Airfares set to rise next year despite lower oil prices

Passengers checking in at Changi Airport. Locally, many are cashing in on the stronger Singdollar to feed their yen for travel, flying off to Australia, New Zealand, China, Japan or Europe. Even with fares on the rise, keen competition between airlin
Passengers checking in at Changi Airport. Locally, many are cashing in on the stronger Singdollar to feed their yen for travel, flying off to Australia, New Zealand, China, Japan or Europe. Even with fares on the rise, keen competition between airlines can still lead to good deals.PHOTO: LIM YAOHUI FOR THE STRAITS TIMES

Asia-Pacific, especially S'pore, likely to see sharpest increases as travel demand stays high

Travellers can expect airfares to increase next year, despite the recent fall in oil prices, industry experts have said.

The sharpest rise is expected in the Asia-Pacific region, and Singapore will lead the pack, said a Singapore- based senior executive at travel management firm Carlson Wagonlit Travel (CWT).

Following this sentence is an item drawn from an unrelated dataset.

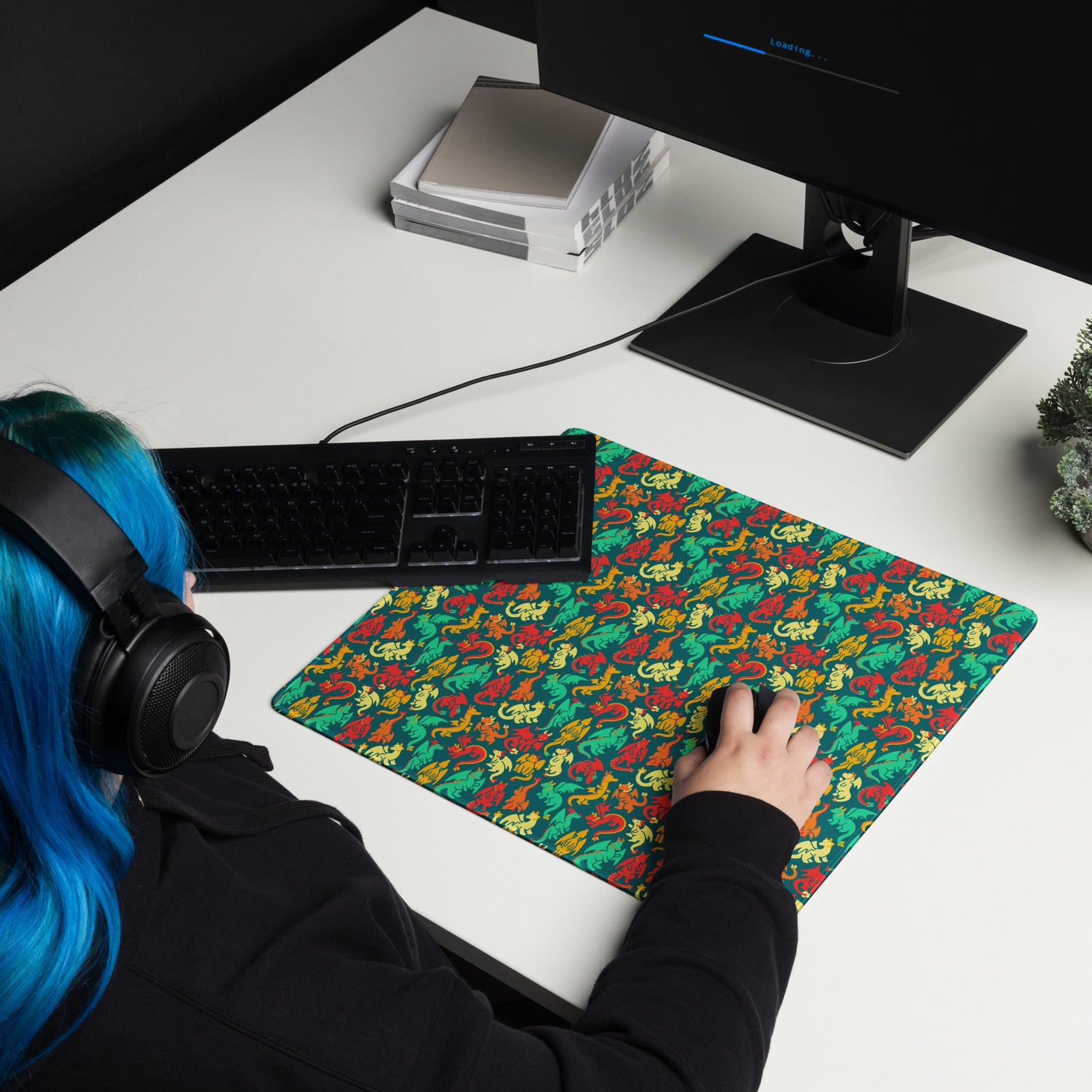 Dragons desk mat - Geeky merchandise for people who play D&D - Merch to wear and cute accessories and stationery Paola's Pixels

Mr Carl Jones, a senior director at CWT Solutions Group, said: "We expect a 1.2 per cent increase in airfares across the Asia-Pacific and a 3 per cent jump in Singapore."

Explaining, he said: "Companies here are still travelling; there is a strong business and meetings, incentives, conventions and exhibitions (Mice) segment; and Singapore's position as a strong regional business hub also fuels demand for travel."

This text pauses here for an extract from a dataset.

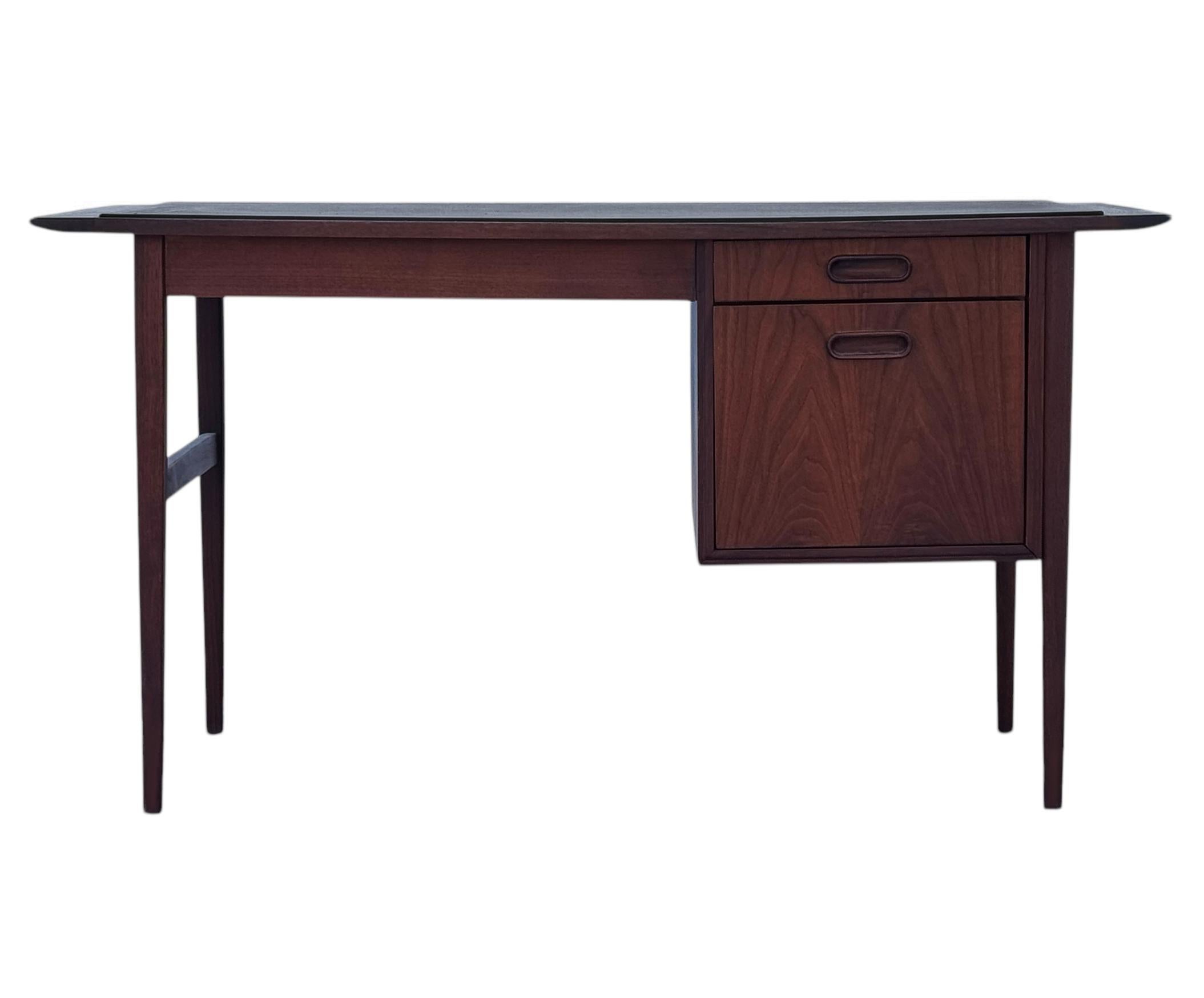 Late 20th Century Mid-Century Modern Danish Style Walnut Desk with Faux Slate Top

Depending on the demand for air travel and the number of seats that airlines offer, not all markets will be affected in the same way.

TRAVEL-HUNGRY SINGAPOREANS

With strong demand expected to continue and a high propensity among Singapore residents to travel, airfares might move upwards.

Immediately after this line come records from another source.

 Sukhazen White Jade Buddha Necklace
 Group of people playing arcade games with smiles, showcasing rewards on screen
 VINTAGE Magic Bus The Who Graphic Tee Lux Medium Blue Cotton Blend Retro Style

MS ALICIA SEAH, spokesman for Dynasty Travel

It would be interesting to see how the Aug 9 launch of Singapore Airlines' premium economy class would affect economy-class fares, said Mr Jones.

Sharing findings from a recent joint survey by CWT and the Global Business Travel Association's education and research arm, he said the fall in oil prices has not had a huge impact on airfares so far.

He said: "Oil prices have fallen by more than 50 per cent in the past year and jet fuel prices by almost 60 per cent, but this has not really translated into a corresponding decrease in air travel ticket prices.

"Ticket pricing is very much affected by capacity, and airlines have become smarter in managing their inventory and ensuring that they don't have too much capacity."

 

This eventually leads to higher fares if demand is strong, he said.

Dynasty Travel spokesman Alicia Seah said: "The strengthening of the Singapore dollar against several other currencies has fuelled demand for travel to markets such as Australia, Europe, New Zealand, China and Japan.

"With strong demand expected to continue and a high propensity among Singapore residents to travel, airfares might move upwards."

But there will still be good deals. She said: "With airlines competing aggressively, travellers can still look forward to special and promotional airfares from time to time, especially if they avoid peak seasons."

Businessman J.K. Wong, 52, said: "Airfares are so dynamic these days - the key is really to do your homework before you book, if you want good deals."